PROJECT SUMMARY/ABSTRACT - NEW YORK GENOME CHARACTERIZATION CENTER
Large-scale sequencing efforts over the last two decades have been focused on generating DNA sequence
datasets from readily available tissues such as blood or saliva to identify germline variants associated with
disease phenotypes. However, limited progress has been made in characterizing somatic variants in healthy
tissues and their contribution to health and disease over the course of the human lifespan. Somatic variation has
historically been studied in the context of tumor biology; however, there is mounting evidence that somatic
variation plays an important role in the aging process, as well as in cardiovascular, neurodegenerative,
immunologic, and neurodevelopmental diseases. There is therefore a critical need to characterize the somatic
variant landscape in healthy human tissues in individuals of diverse race and ethnicity across the human lifespan.

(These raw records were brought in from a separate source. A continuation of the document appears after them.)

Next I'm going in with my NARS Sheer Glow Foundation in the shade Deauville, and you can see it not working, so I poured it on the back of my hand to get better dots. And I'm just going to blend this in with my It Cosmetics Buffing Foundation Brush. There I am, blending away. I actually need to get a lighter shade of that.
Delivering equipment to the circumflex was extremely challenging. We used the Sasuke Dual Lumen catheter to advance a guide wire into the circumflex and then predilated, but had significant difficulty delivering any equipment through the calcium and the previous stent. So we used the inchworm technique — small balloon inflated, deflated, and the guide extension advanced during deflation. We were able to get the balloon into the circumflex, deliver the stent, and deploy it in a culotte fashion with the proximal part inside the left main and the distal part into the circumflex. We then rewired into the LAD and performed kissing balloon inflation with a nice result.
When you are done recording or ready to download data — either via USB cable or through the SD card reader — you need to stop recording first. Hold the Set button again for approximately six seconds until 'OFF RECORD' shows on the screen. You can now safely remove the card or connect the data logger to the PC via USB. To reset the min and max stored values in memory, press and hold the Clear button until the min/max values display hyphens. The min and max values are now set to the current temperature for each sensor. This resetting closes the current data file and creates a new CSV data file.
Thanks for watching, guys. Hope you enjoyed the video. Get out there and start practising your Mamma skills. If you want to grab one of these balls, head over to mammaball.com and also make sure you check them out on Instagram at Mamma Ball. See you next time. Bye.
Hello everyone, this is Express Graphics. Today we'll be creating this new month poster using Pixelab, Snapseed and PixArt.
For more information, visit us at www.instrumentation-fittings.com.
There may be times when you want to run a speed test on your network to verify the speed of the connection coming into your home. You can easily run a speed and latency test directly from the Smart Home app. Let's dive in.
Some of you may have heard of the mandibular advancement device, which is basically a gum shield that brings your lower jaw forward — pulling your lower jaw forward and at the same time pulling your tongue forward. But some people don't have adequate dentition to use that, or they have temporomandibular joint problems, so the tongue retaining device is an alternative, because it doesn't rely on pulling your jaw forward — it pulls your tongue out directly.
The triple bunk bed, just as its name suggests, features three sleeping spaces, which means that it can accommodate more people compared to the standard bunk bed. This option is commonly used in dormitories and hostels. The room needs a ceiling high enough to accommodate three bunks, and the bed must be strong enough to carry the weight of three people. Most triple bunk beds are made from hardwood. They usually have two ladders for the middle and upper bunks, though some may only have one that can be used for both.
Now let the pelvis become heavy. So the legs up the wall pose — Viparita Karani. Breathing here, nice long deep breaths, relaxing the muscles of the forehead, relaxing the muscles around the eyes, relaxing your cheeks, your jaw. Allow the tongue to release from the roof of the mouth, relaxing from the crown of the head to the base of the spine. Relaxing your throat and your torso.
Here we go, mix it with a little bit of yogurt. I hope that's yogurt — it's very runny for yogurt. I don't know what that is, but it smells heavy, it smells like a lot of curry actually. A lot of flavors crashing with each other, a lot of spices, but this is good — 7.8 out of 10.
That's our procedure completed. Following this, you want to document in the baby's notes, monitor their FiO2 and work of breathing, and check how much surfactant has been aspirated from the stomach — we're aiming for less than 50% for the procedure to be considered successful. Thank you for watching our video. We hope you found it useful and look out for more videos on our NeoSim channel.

The Somatic Mosaicism across Human Tissues (SMaHT) program will address this gap by establishing a
cohesive Network that will work together to create high-quality somatic variant catalog; a catalog that is broadly
shareable across the scientific community and that enables studies investigating the rates and patterns of
somatic mosaicism across cell populations and tissues, that can elucidate the mechanisms underlying clonal
development, evolution, and expansion, and that enables studies of the role of somatic mutation in disease
pathogenesis and progression. The New York Genome Characterization Center (NYGCC) will work
collaboratively with other SMaHT Network Centers to generate a high-quality somatic variant catalog using three
core high-depth sequencing assays: duplex whole genome sequencing (WGS), mRNA sequencing, and long-
read Oxford Nanopore WGS. These three core assays will provide an unprecedented and comprehensive view
of somatic mutations across a variety of healthy tissues. The data from deep WGS will enable discovery of
somatic SNVs, indels, mobile elements, copy number changes, and structural variants. The RNA sequencing
data will be used to confirm the presence of those variants that fall in expressed genes, and further evaluate
their effect on splicing. The long read WGS sequencing will be used as a corollary to short read WGS to confirm
and enhance discovery of mobile elements, copy number changes and structural variants. To these core assays
we propose adding single cell WGS sequencing using Direct Library Preparation Plus (DLP+) and genotyping of
transcriptomes (GoT). DLP+ is an amplification-free single cell WGS assay that allows high sensitivity detection
of copy number changes, loss of heterozygosity, and structural variation. It further enables the study of replication
timing, clonal expansion and fitness and is compatible with pooled pseudo-bulk analysis to compare against
deep bulk WGS. The genotyping of transcriptomes assay will allow us to explore, for expressed somatic variants,
the cell type or lineage in which they occurred and by pairing with single cell expression data (and cell surface
marker detection and long read transcript sequencing) the functional effects of these mutations.